Thanks for nothing. For your information, I am not in school, and this is not homework. If you don’t want to help, that’s fine. But don’t waste my time.
It’s an example of a homework problem I am trying to walk someone I am tutoring through. The problem comes from this site. I have the answer to the question. I have done the work, but I think I am making a mistake somewhere that I cannot figure out. Hence, the question. Honestly, if I were trying to cheat on homework, do you really think I would copy the question verbatim, then post it to a public message board indexed by google? Really?
In the future, if you don’t believe what I say, don’t bother responding. I’d think the question justifies the interrogation.
You may not be aware of this, but this board has had instances of youngsters seeking homework assistance who post in a very similar manner as what you just did and anyone’s username is woefully ineffectual at providing an insight into someone’s inherent integrity.
I’m doing this from memory, and based on your description, what you have is a triangle with the bottom length 50 and the left line 250. Crap this is hard to describe
cosine law: a^2 = b^2 + c^2 -2 bc*cos(beta)
beta in this case is 90-25 = 65
You want a line that goes off to the left at an angle of 25 degrees, so draw that. From that start point, draw a line to the left that’s 50 long. Then from the end of that short line, draw a line up to the left that is 250 long. Then end of the 250 should touch the end of your original “desired” vector. Thus vector addition.
So my final answer is that the plane needs to head 14.5 degrees west of north, and its ground speed will be 266.9896.
Anyone else?
As I said, solving the vector diagram requires using the cosine law
a^2=x^2+c^2-2xc*cos(alpha)
where alpha = 90 - 25 (your known angle)
requires using the quadratic equation to solve for x, where x is your ground speed
then use the cosine law again using the known value of x
cos(theta) = [a^2 + b^2 - x^2] / 2ab
the angle the plane flies in then theta - 90
don’t forget to switch between radians and degrees.
Thanks to all who responded with answers. I realized my mistake, so I figured out the answer. Also, I think it’s easier to solve with the law of sines, but both way work. Thanks again.
Your answers were correct. With the law of sines, you just use the speed and wind to find the other angle, then subtract the sum from 180. Upon reflection, your way is easier. Thanks again.
OK, first of all, North does absolutely nothing for us, so don’t even draw that line.
Draw a three-line diagram. Pretend it’s a clock. The airport is at 12, the plane is flying toward 1 and the wind is coming in from 4. The plane is the minute hand, since it’s going faster. The magnitude is 250, right?
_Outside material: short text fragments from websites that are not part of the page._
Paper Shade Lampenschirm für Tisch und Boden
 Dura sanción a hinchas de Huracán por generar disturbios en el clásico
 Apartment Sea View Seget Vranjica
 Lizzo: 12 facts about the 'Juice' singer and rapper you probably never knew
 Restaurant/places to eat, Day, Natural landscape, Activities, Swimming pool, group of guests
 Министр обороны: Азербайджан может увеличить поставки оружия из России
The wind is the hour hand and it’s magnitude is 50.
In order for the plane to get to 12, the horizontal component of the wind has to equal the horizontal component of the plane.
The wind’s component is 25deg below the 3 o’clock point. So the horizontal component is 50cos(25). The plane’s component is 250sin (x) if X is the angle between the airport (12 o’clock) and the plane’s heading (1 o’clock).
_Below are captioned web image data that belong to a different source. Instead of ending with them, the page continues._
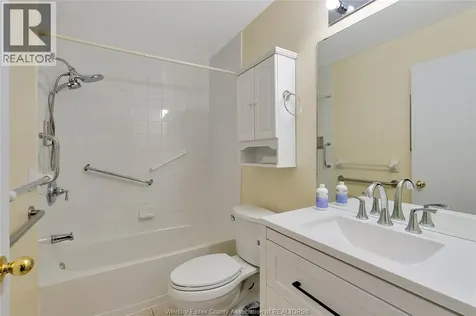 1655 Grand Marais Walk Windsor ON N9E 4W4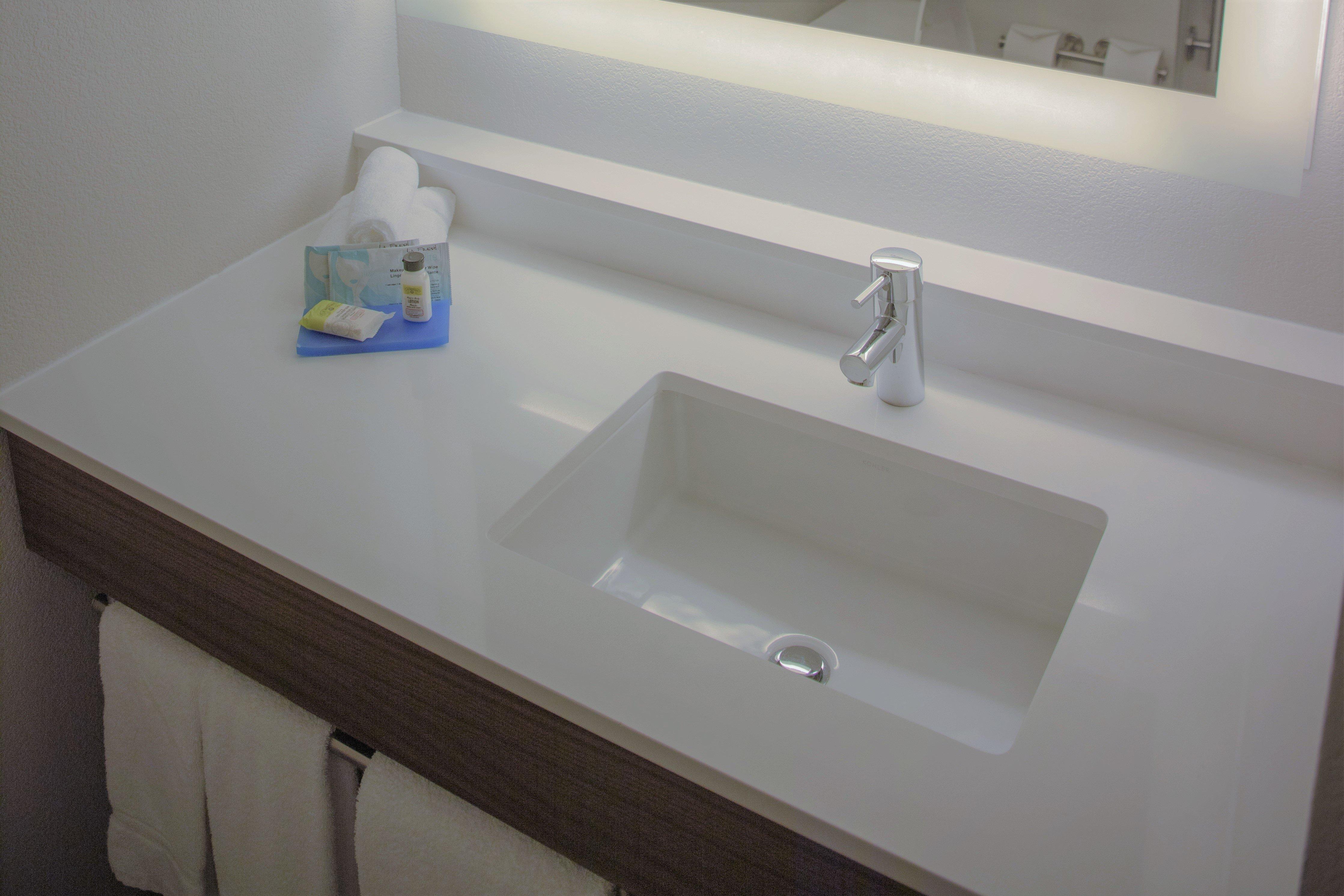 Express - Airport By Ihg Hotel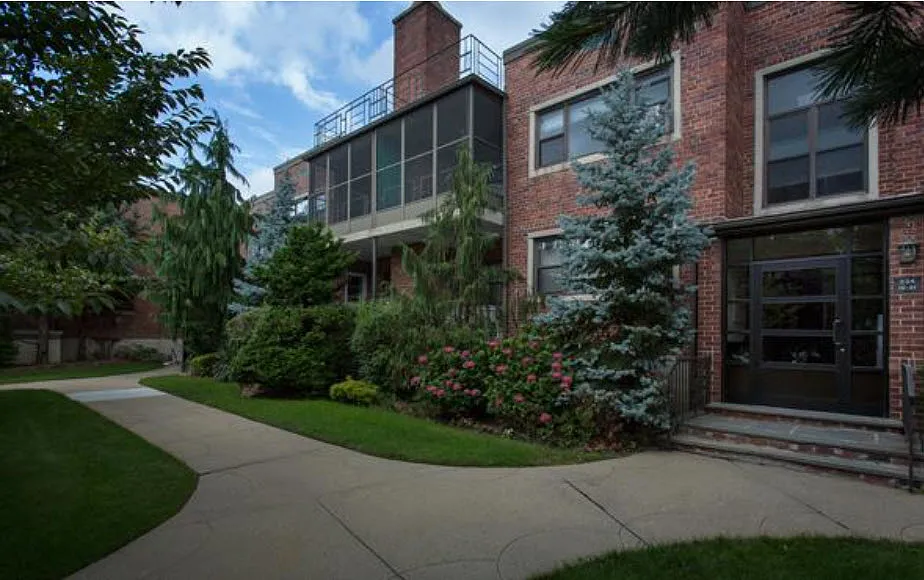 Building Photo - Fairfield Cedarhurst Court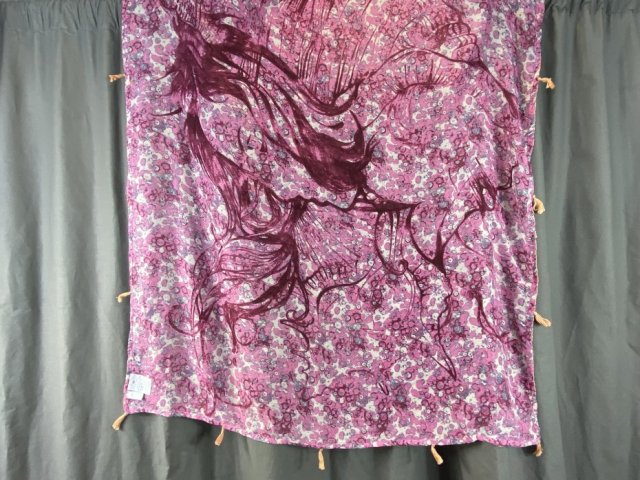 Culture chusta z kobietą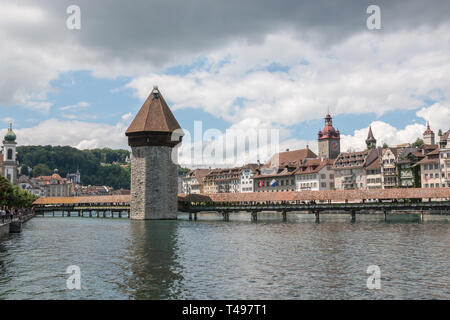 Luzern, Schweiz - Juli 3, 2017: Panoramablick auf das Stadtzentrum von Luzern mit berühmten Kapellbrücke und den Vierwaldstätter See, Reuss. Sommer landscap Stockfoto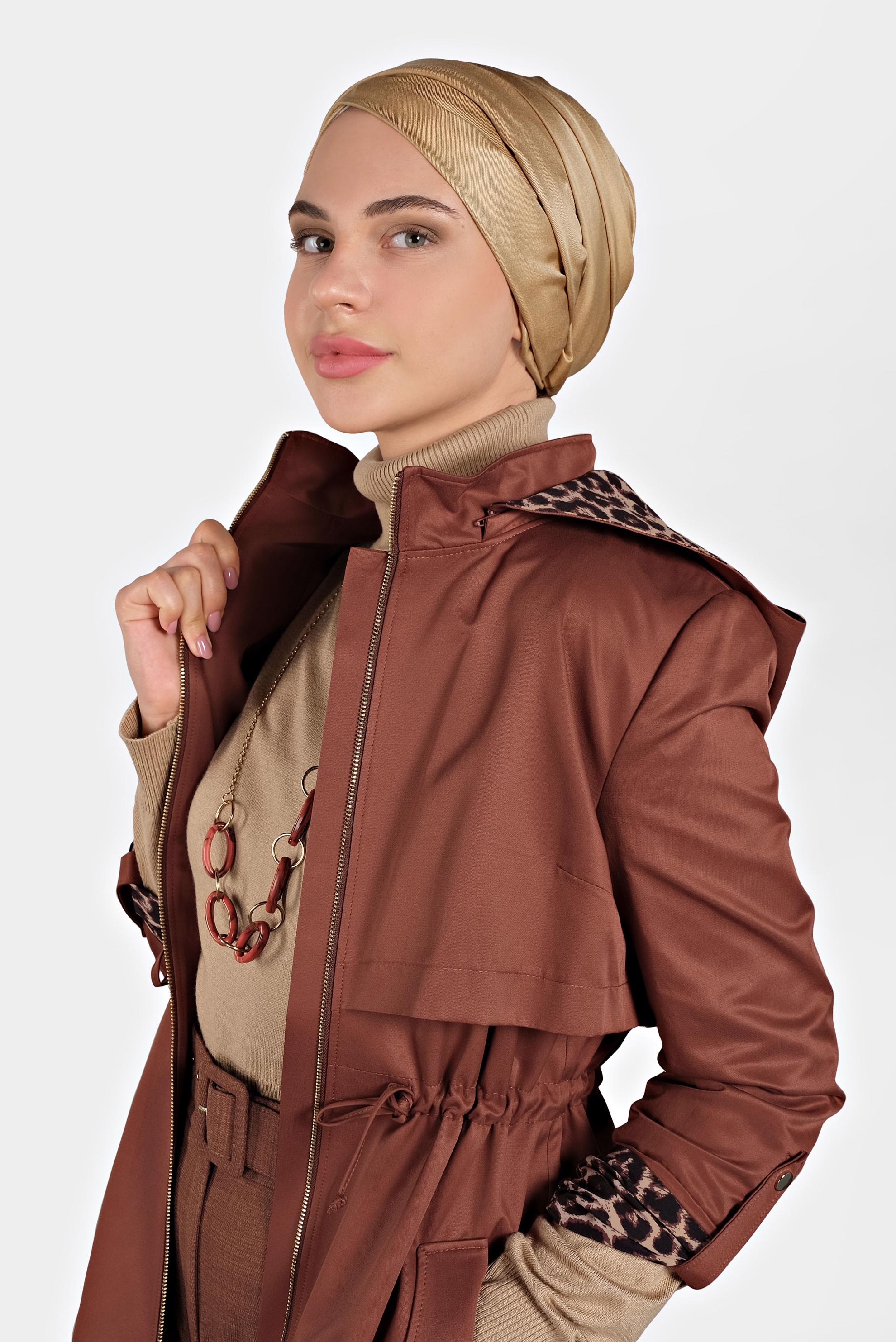 Tesettür giyim TURUNCU BELİ BÜZGÜLÜ FERMUARLI LEOPAR DESENLİ TRENÇKOT 10124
Like I said, they’re equal. So 50cos(25)=250sin(X). Once you’ve got X, you know can add/subtract it from the “25 W of N” heading to find the plane’s heading. Finally, you just add the two vertical components together, which you can get by flipping the sin and cos functions, to get the groundspeed.
See? No law of Sines or anything. Just two triangles and the realization that they share a common side. It helps to realize that North is arbitrary and only useful as a label, not as a mathematical value.